Le travail physique et pénible tendrait-il à disparaître ? Ce n'est pas si évident, comme l'indiquent les enquêtes nationales Conditions de travail, menées depuis 1978 par la direction de l'Animation de la recherche, des Etudes et des Statistiques (Dares). Malgré les progrès techniques censés alléger les tâches les plus dures, le travail sollicite toujours physiquement les salariés. Rester longtemps debout, rester longtemps dans une posture pénible, effectuer des déplacements à pied longs ou fréquents, devoir porter ou déplacer des charges lourdes, subir des secousses ou des vibrations : en 2016, un peu plus d'un tiers des salariés ont déclaré être exposés à au moins trois de ces cinq contraintes physiques. Contre 12 % en 1984.
Cette augmentation de la proportion de salariés exposés, de 12 % à 34 %, est intervenue entre 1984 et 1998. Elle a concerné les moins qualifiés, mais également des catégories socioprofessionnelles historiquement moins touchées par ces contraintes, comme les professions intermédiaires ou les employés des commerces et services. Ces contraintes ont aussi beaucoup augmenté pour les femmes, exposées à hauteur de 7 % en 1984, puis 27 % en 1998 et 29 % en 2016. Depuis 1998, ces contraintes physiques ne diminuent pas et se stabilisent pour toutes les catégories socioprofessionnelles.
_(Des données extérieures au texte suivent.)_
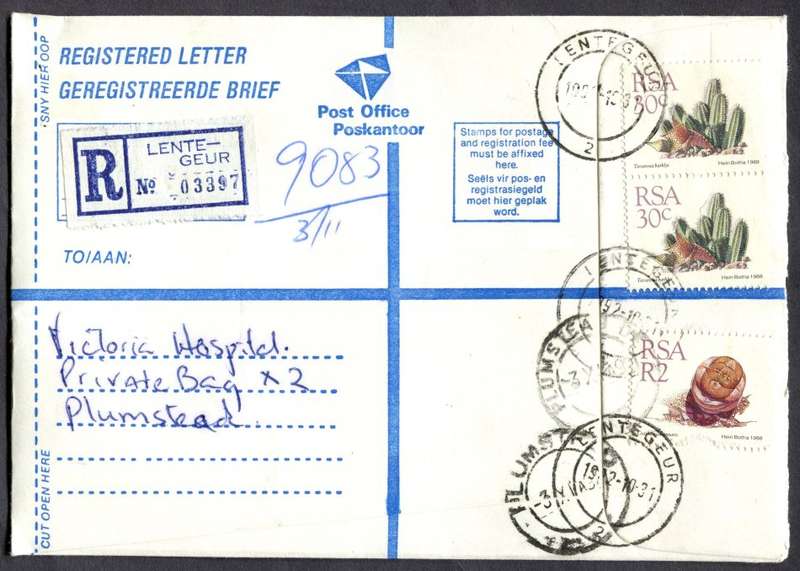 RSA - Cover Registered At Lentegeur Post Office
De l'ouvrier du BTP à l'aide-soignant
Même si les ouvriers non qualifiés restent aujourd'hui les plus exposés (63 %, contre 34 % pour l'ensemble des salariés), les employés et professions intermédiaires déclarent également subir ces contraintes : près de la moitié des employés de commerce, 43 % de ceux travaillant au service direct des particuliers et plus d'un quart des professions intermédiaires. Les salariés exposés à ces contraintes physiques travaillent davantage dans les secteurs de l'industrie extractive, la construction, la métallurgie, l'hébergement et la restauration ou le secteur de la santé humaine. Pour aller un peu plus dans le détail, ils sont notamment ouvriers qualifiés du gros oeuvre du bâtiment (94 %), cuisiniers, bouchers, charcutiers, boulangers (77 %), agriculteurs, éleveurs, sylviculteurs, bûcherons (75 %) ou encore aides-soignants (70 %), infirmiers et sages-femmes (63 %).
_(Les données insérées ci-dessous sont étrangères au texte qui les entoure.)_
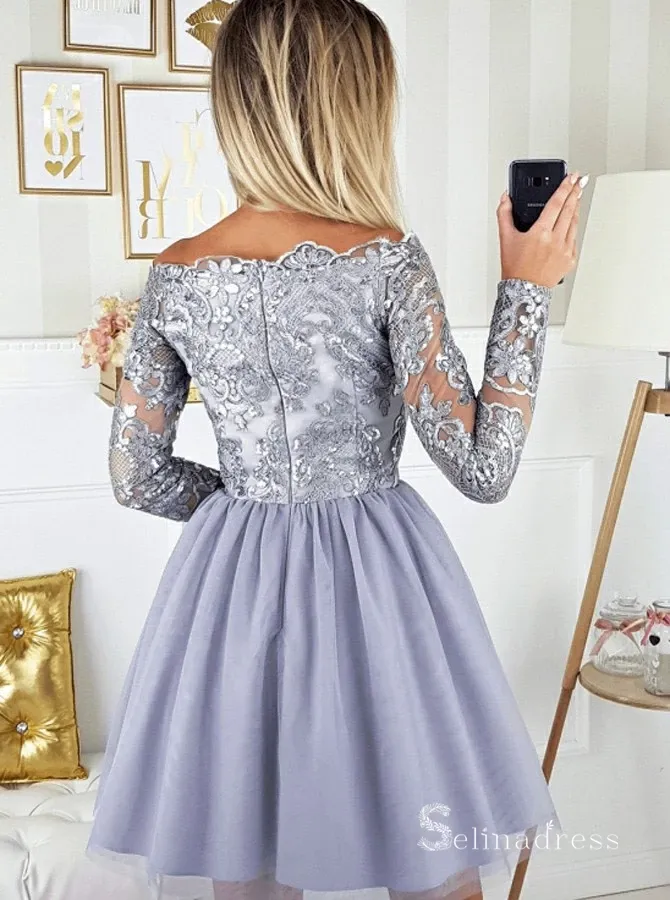 A-line Off-the-shoulder Short Prom Dress Long Sleeve Beautiful Homecoming Dresses MHL044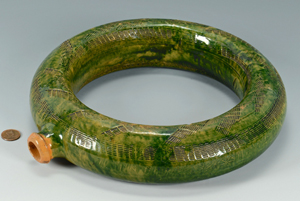 The pottery prize of the Case auction was this rare ring bottle by Christopher Alexander Haun (1821-1861), which sold for $30,680. The important example of East Tennessee pottery is headed for MESDA in Winston-Salem, N.C., where it will go on display in October 2015. Image courtesy Case Antiques.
Comment expliquer cette dégradation ? La structure de l'emploi par qualifications a en effet changé en trente ans, et la part des ouvriers dans la population active a fortement diminué, ce qui aurait dû réduire la fréquence globale d'exposition aux contraintes physiques. Sauf que la pénibilité s'est fortement accentuée au sein de chaque catégorie socioprofessionnelle, expliquant la hausse globale malgré le recul du nombre d'ouvriers.
Pour partie, cette accoissement des contraintes physiques déclarées reflète aussi une exigence plus grande par rapport aux conditions de travail. Celles-ci ont pris une place importante dans le débat social, du fait de l'action syndicale, du développement de la prévention des risques professionnels ou de l'intervention de l'Etat. Les salariés ont davantage pris conscience des enjeux liés à leurs conditions de travail et des contraintes qu'ils éprouvaient sans toujours pouvoir les désigner. En outre, les enquêtes montrent qu'à caractéristiques socioprofessionnelles identiques, le fait d'être soumis à plusieurs contraintes de rythme augmente la probabilité de déclarer des contraintes physiques. L'intensification du travail observée depuis 1984 fait davantage ressentir les contraintes physiques, qui deviennent plus pénibles lorsqu'on n'a plus le temps ni les marges de manoeuvre pour y faire face.